[How to complete this task]: Exclude the images and transcribe the entries below precisely.

[Record excerpts]:

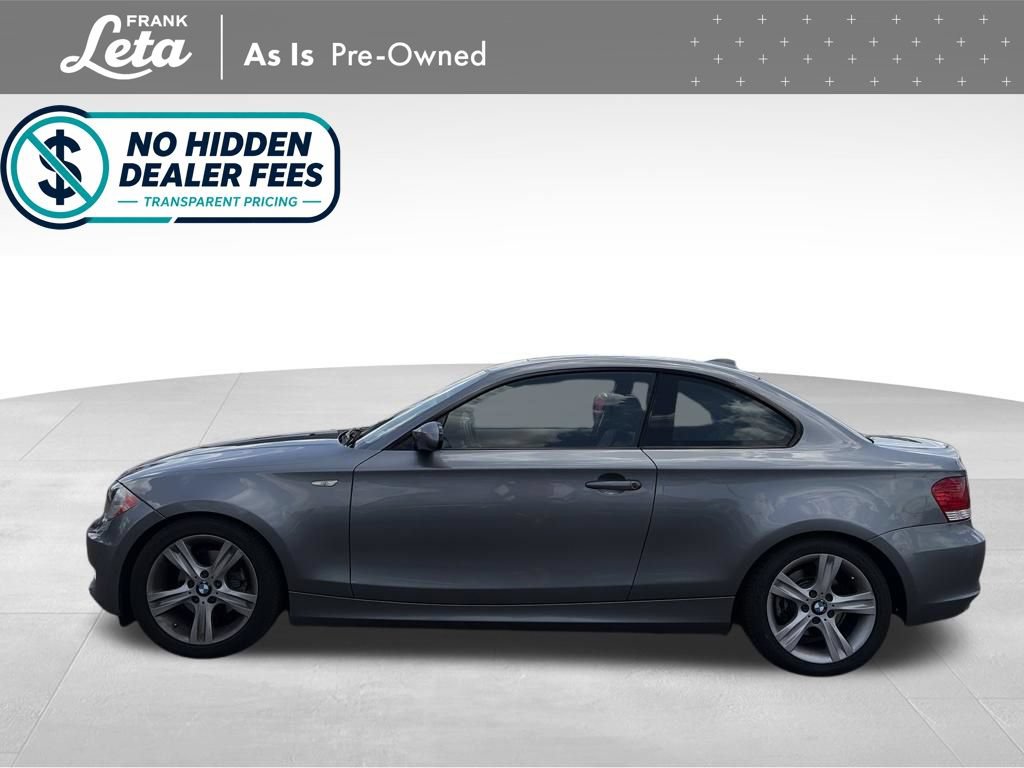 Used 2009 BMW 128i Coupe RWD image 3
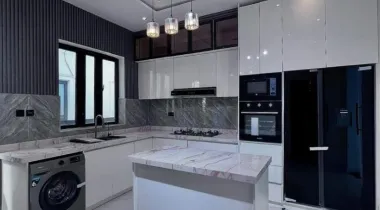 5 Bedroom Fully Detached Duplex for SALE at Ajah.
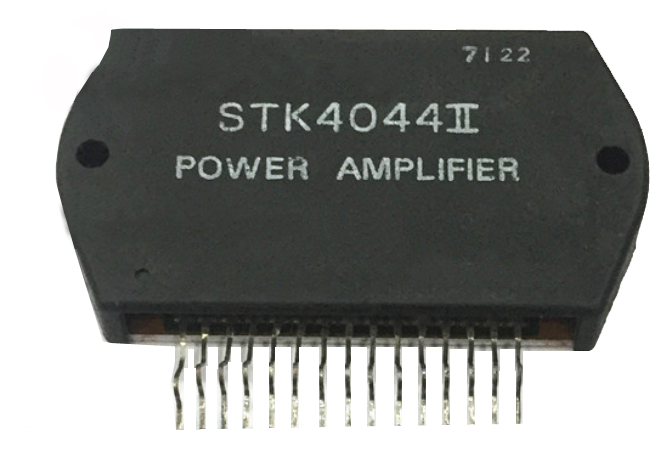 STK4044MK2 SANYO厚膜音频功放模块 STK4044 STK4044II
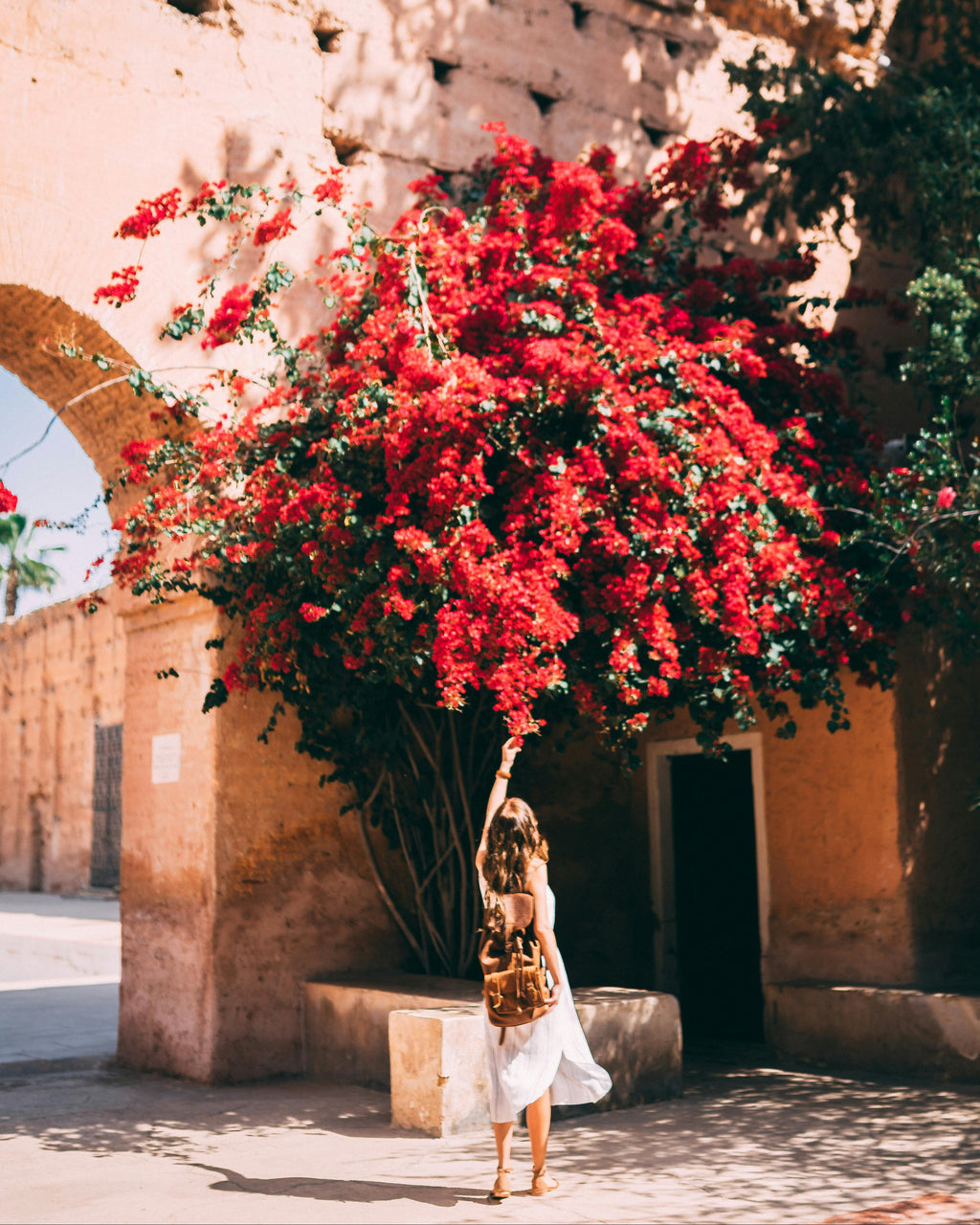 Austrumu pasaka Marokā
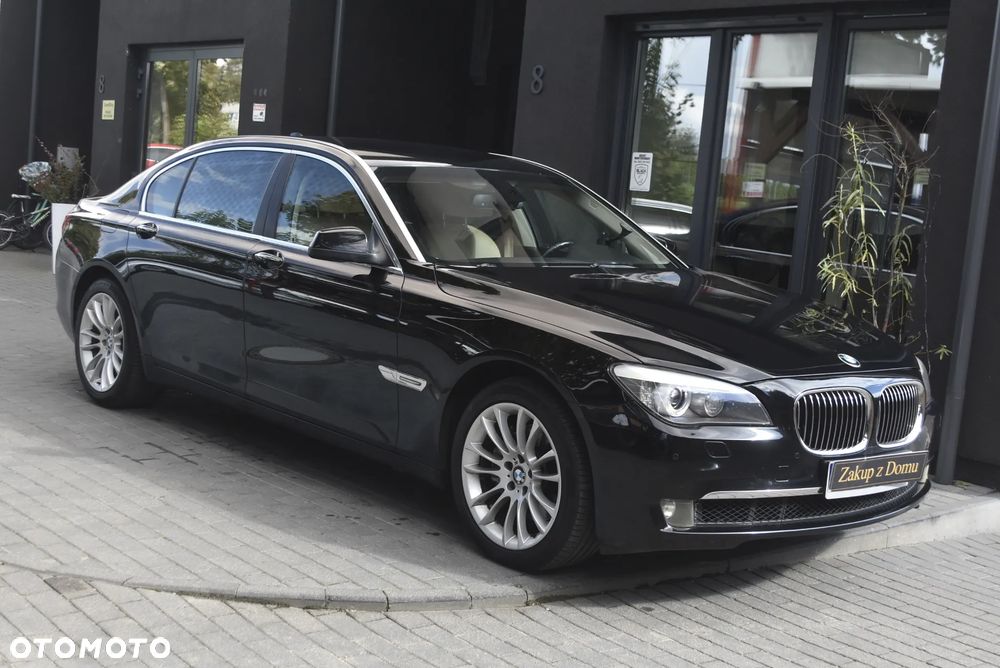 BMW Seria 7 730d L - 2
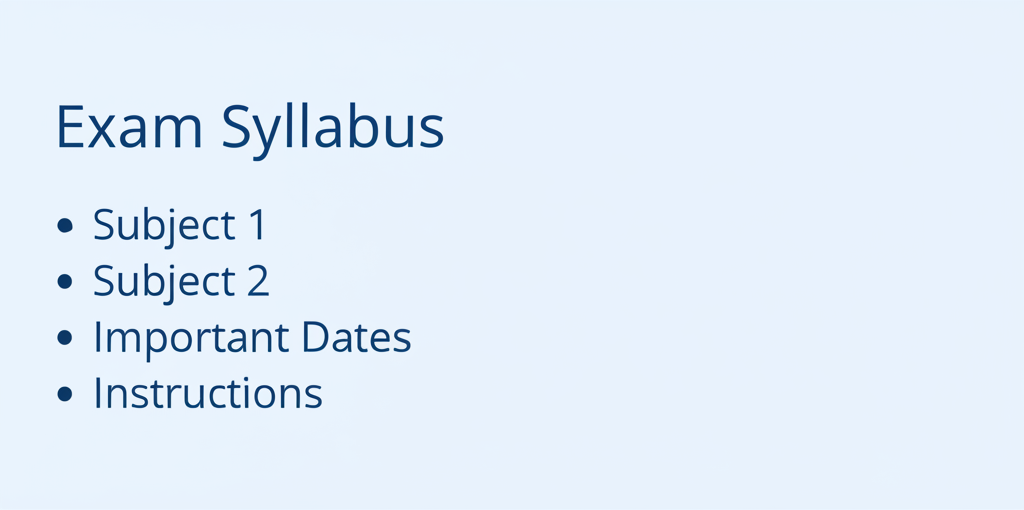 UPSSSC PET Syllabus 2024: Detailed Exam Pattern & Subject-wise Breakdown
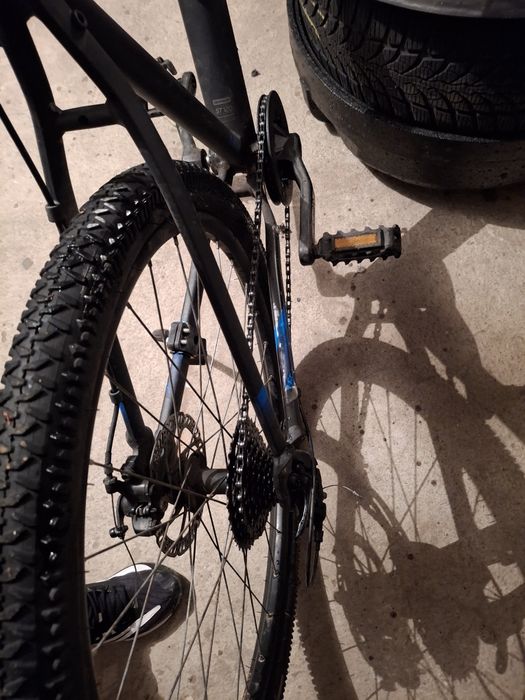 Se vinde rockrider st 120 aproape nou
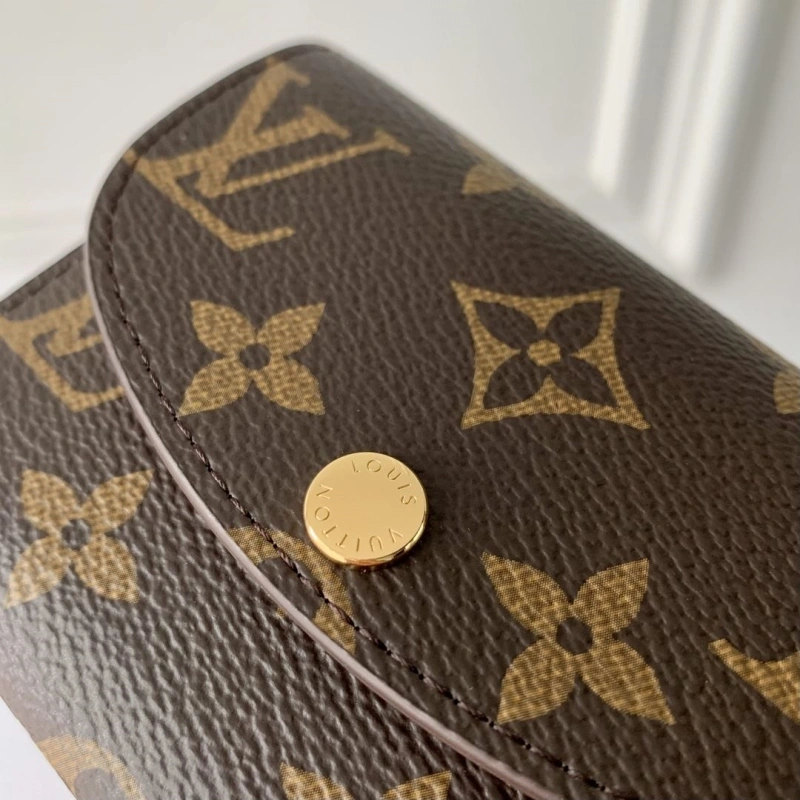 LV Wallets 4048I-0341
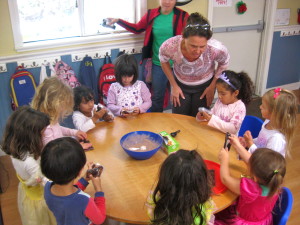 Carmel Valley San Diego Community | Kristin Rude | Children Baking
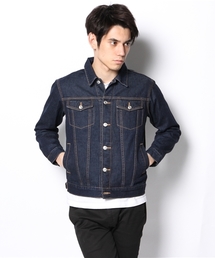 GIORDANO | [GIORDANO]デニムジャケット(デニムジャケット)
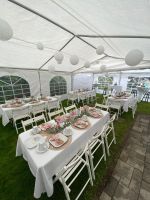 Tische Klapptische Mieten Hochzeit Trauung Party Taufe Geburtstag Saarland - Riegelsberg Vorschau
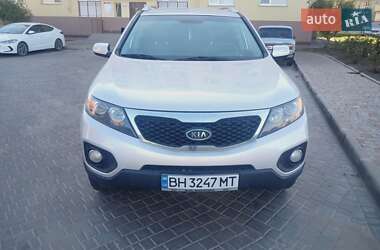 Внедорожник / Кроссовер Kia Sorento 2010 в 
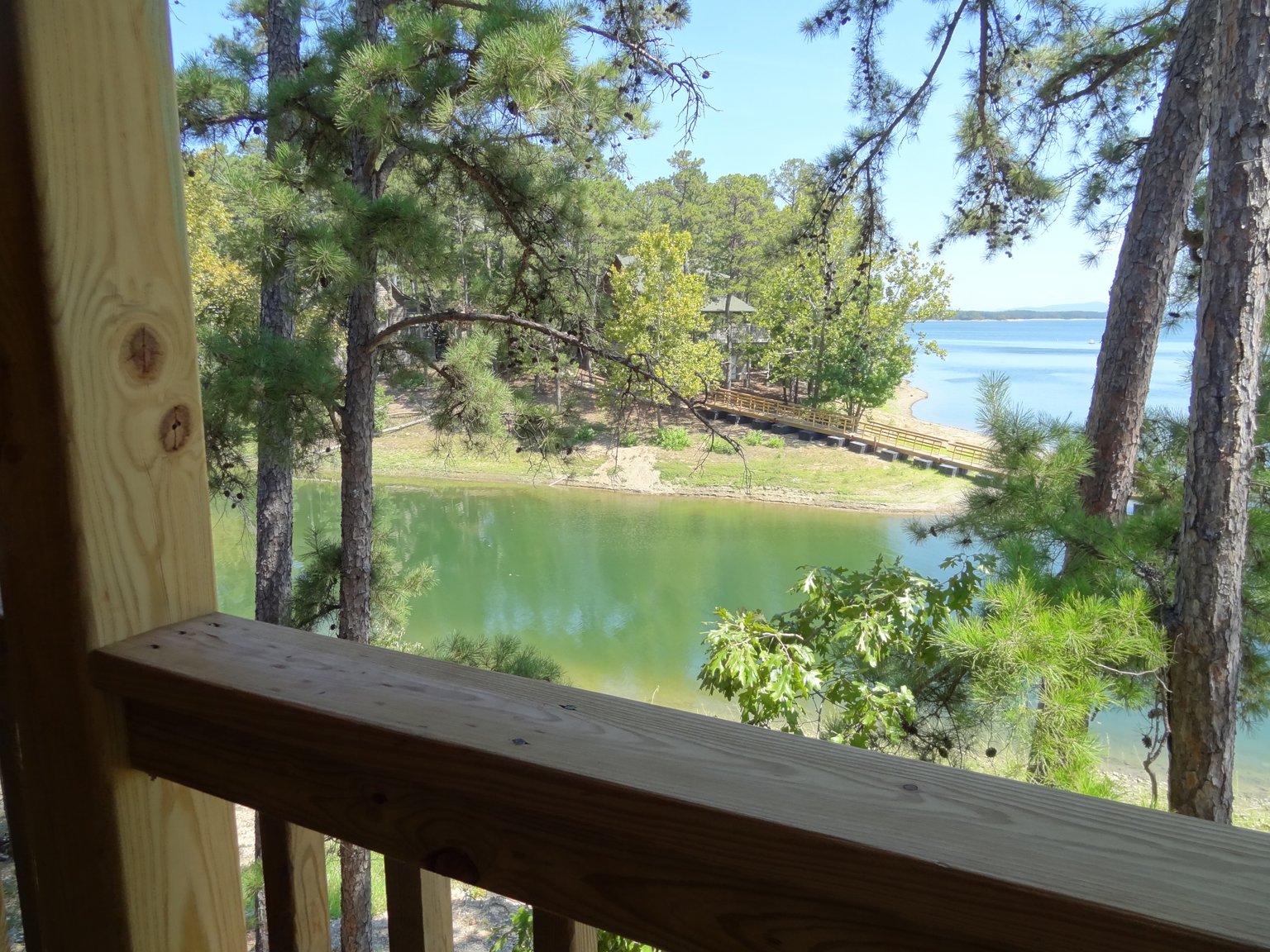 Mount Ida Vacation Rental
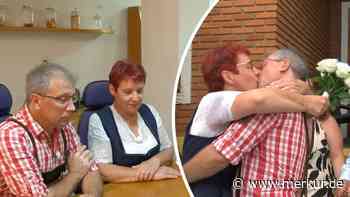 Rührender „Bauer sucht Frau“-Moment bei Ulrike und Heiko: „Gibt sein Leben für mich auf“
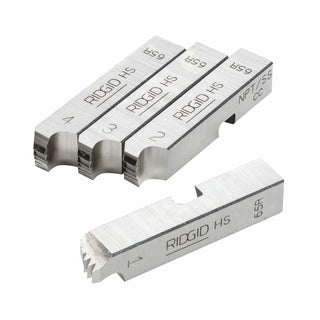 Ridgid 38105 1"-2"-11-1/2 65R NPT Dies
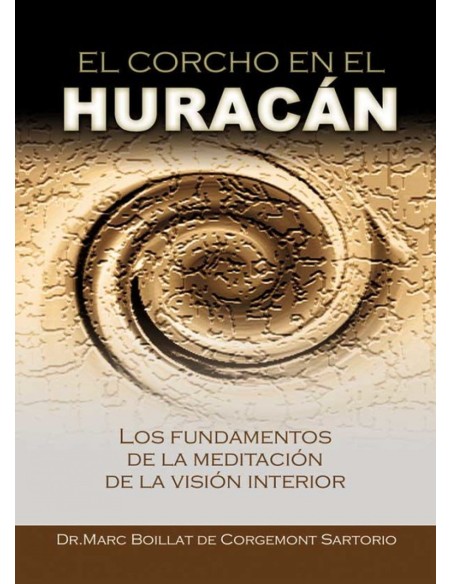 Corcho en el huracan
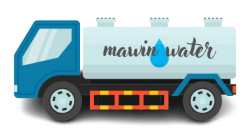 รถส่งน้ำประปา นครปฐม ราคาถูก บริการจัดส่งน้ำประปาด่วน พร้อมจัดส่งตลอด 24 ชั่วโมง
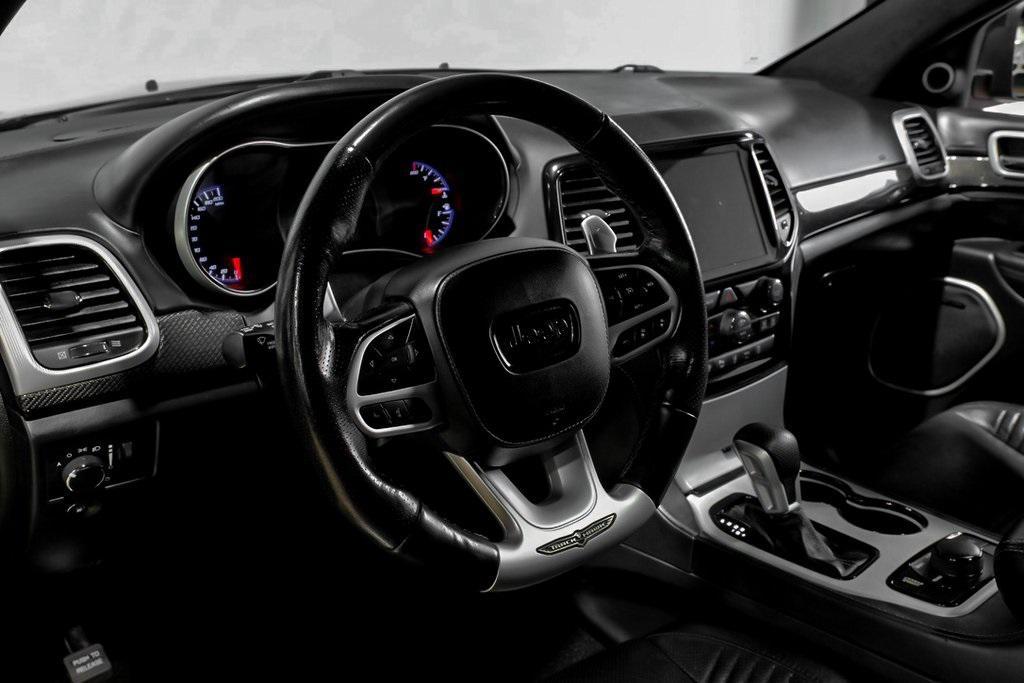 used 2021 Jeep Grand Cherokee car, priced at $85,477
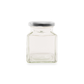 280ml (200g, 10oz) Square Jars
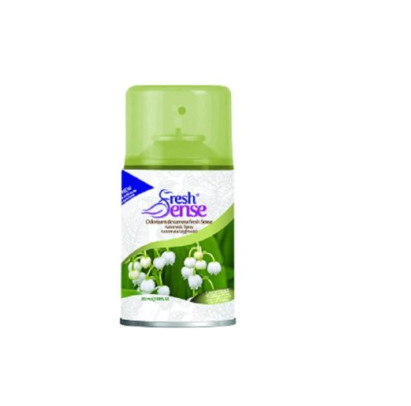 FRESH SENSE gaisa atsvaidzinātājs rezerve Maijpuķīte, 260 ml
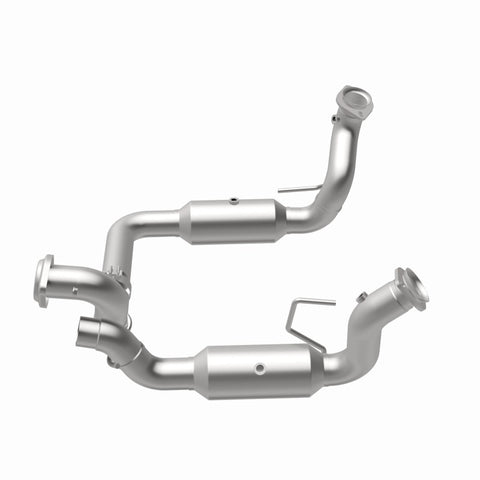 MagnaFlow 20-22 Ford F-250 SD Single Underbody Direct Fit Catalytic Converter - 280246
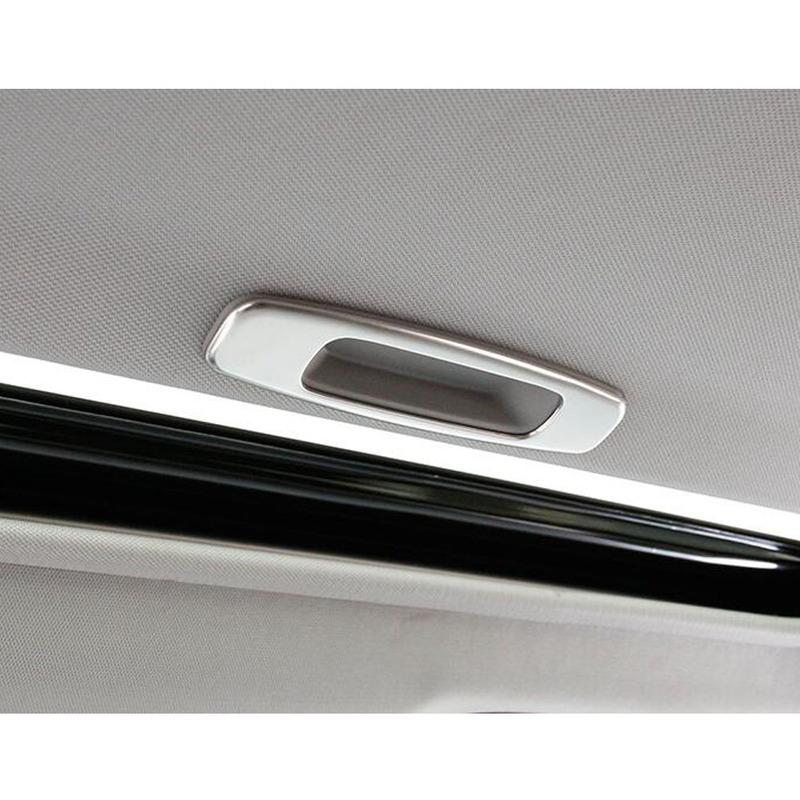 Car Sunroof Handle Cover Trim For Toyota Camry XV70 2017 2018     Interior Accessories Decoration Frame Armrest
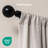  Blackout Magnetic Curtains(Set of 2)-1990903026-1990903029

[Finished exercise]:
 Used 2009 BMW 128i Coupe RWD image 3
 5 Bedroom Fully Detached Duplex for SALE at Ajah.
 STK4044MK2 SANYO厚膜音频功放模块 STK4044 STK4044II
 Austrumu pasaka Marokā
 BMW Seria 7 730d L - 2
 UPSSSC PET Syllabus 2024: Detailed Exam Pattern & Subject-wise Breakdown
 Se vinde rockrider st 120 aproape nou
 LV Wallets 4048I-0341
 Carmel Valley San Diego Community | Kristin Rude | Children Baking
 GIORDANO | [GIORDANO]デニムジャケット(デニムジャケット)
 Tische Klapptische Mieten Hochzeit Trauung Party Taufe Geburtstag Saarland - Riegelsberg Vorschau
 Внедорожник / Кроссовер Kia Sorento 2010 в 
 Mount Ida Vacation Rental
 Rührender „Bauer sucht Frau“-Moment bei Ulrike und Heiko: „Gibt sein Leben für mich auf“
 Ridgid 38105 1"-2"-11-1/2 65R NPT Dies
 Corcho en el huracan
 รถส่งน้ำประปา นครปฐม ราคาถูก บริการจัดส่งน้ำประปาด่วน พร้อมจัดส่งตลอด 24 ชั่วโมง
 used 2021 Jeep Grand Cherokee car, priced at $85,477
 280ml (200g, 10oz) Square Jars
 FRESH SENSE gaisa atsvaidzinātājs rezerve Maijpuķīte, 260 ml
 MagnaFlow 20-22 Ford F-250 SD Single Underbody Direct Fit Catalytic Converter - 280246
 Car Sunroof Handle Cover Trim For Toyota Camry XV70 2017 2018     Interior Accessories Decoration Frame Armrest
  Blackout Magnetic Curtains(Set of 2)-1990903026-1990903029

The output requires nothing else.